I’m 45 years old and this is the second marriage with an alcoholic husband this time. I am a well-educated woman. We decided to have children at a very late age. We have three toddlers. He got a DUI last Wednesday, and while financially burdened by his decisions and other factors, I am now searching for a job frantically and trying to make ends meet. I am a student with a master’s background in finance and have been a stay-at-home mom for 3 years. My career ended with the birth of our twins because of my Advanced age and inability to find daycare for 3 young children. Now I am finding that it is difficult to find a job. I am highly marketable and have potential for a great salary. However my husband his alcoholic issues, received a DUI and is now in jail. Since I am a stay-at-home mom due to the circumstance of having a difficulty in finding childcare for 3 children under the age of 4, I am desperate to find work and daycare. I am not quite sure I am willing to go through reconciliation and make this work. If anyone has experience in this area, please email me.
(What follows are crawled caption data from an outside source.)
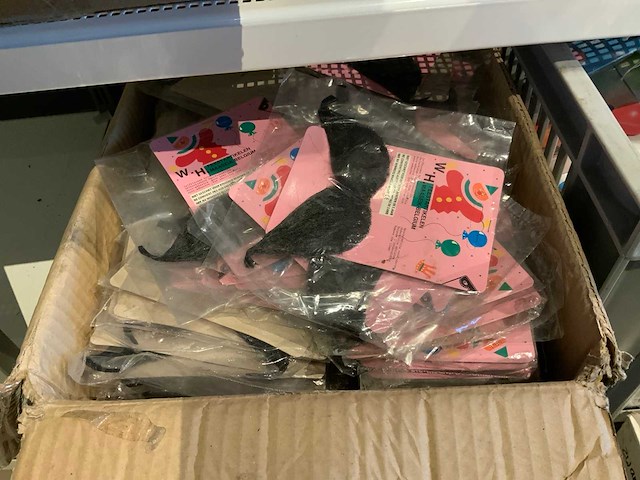 Partij speelgoed & diversen - afbeelding 5 van  9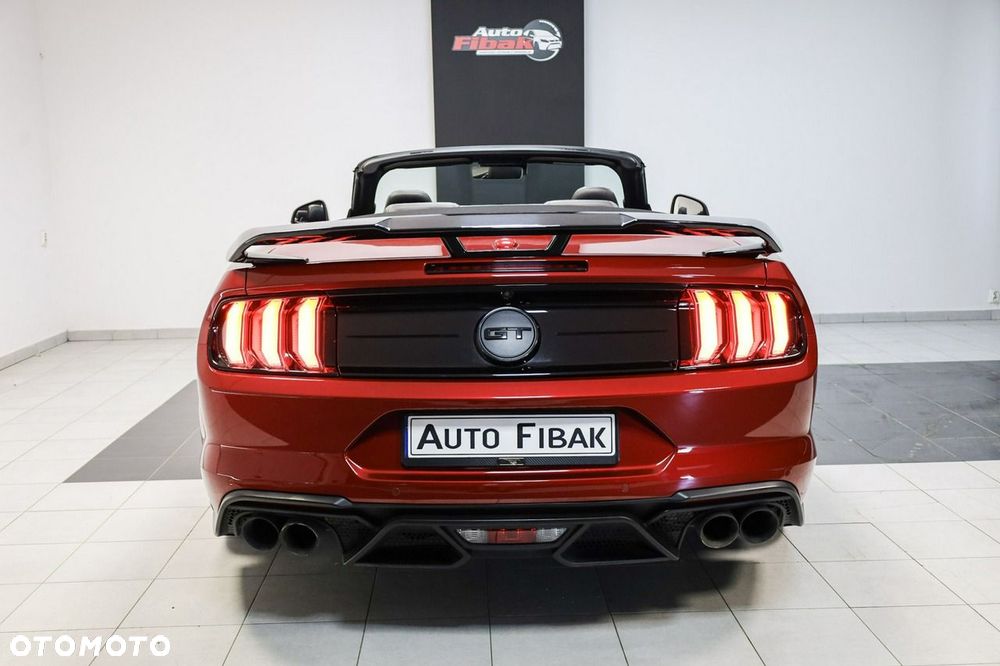 Ford Mustang 5.0 V8 GT - 12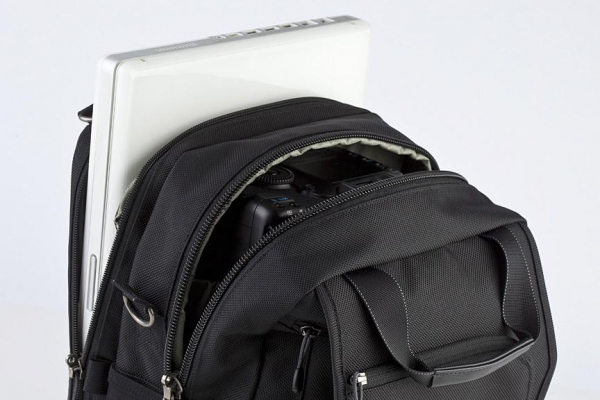 Think Tank Urban Disguise 35 V2.0 - geanta foto [3]
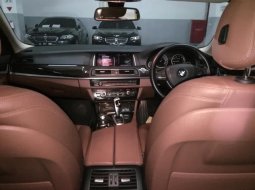 Jual Cepat Mobil BMW 5 Series 520i 2015 Istimewa di DKI Jakarta 3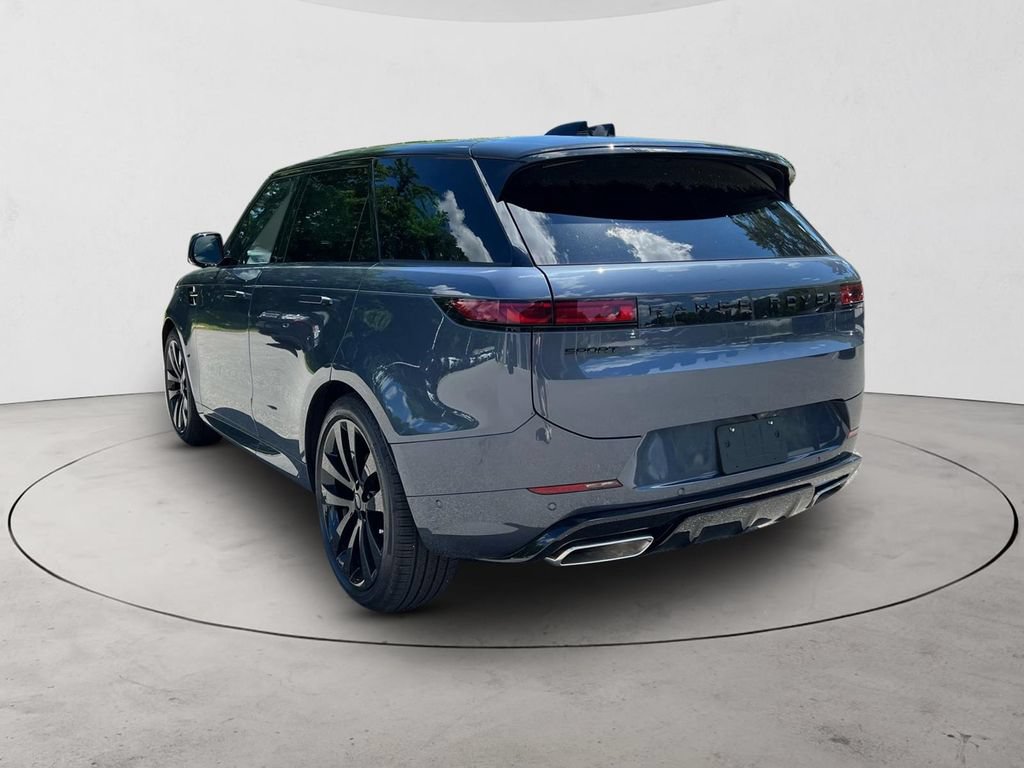 New 2026 Land Rover Range Rover Sport Dynamic SE AWD/4WD image 3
Jenbrown 8214@ gmail.com
I’ve been married for 9 years. 4.5 years ago I discovered my husband was cheating on me. I was devastated! He said he stopped but I caught him again and again and again and again and again and all of those he denied he lied and lied and lied and lied! We are both active in Church choir and praise team! how could he do such a thing? Three days ago I found out again that he’s been with this girl who is 30 years his junior!! since that day, he’s been sleeping in the guest room(I didn’t ask him to) We haven’t had sex for over a year now. I’ve been faithful to him since I said yes to him 10 years ago. I’m beyond devastated, I’ve been haunted with thoughts of him with her everyday! I try to love him back and he loves me back in return but it hurts so much! its just so painful and last night I screammmmmmmmmed so hard and loud I felt the evil one got control of me…………… I honestly can’t afford to live on my own..I used to live on my own but spent the last $7,000 of my savings on my marriage to him…I have no money on my own….I work at a homebased daycare with 10 kids with no assistant and everyday is a hard day although its such a rewarding job as kids are so innocent and they love you unconditionally. I love every kid like they’re my kids but cry at home because it’s impossible to give them the attention that they need..hopefully and prayerfully my boss will get an assistant teacher soon or she might just close the daycare down…sorry I side tracked …. I think looks like my hubby and l will take a day at a time…..please help me….why did I even marry this man why God why God? I prayed fervantly for this marriage for 8 years and this happens?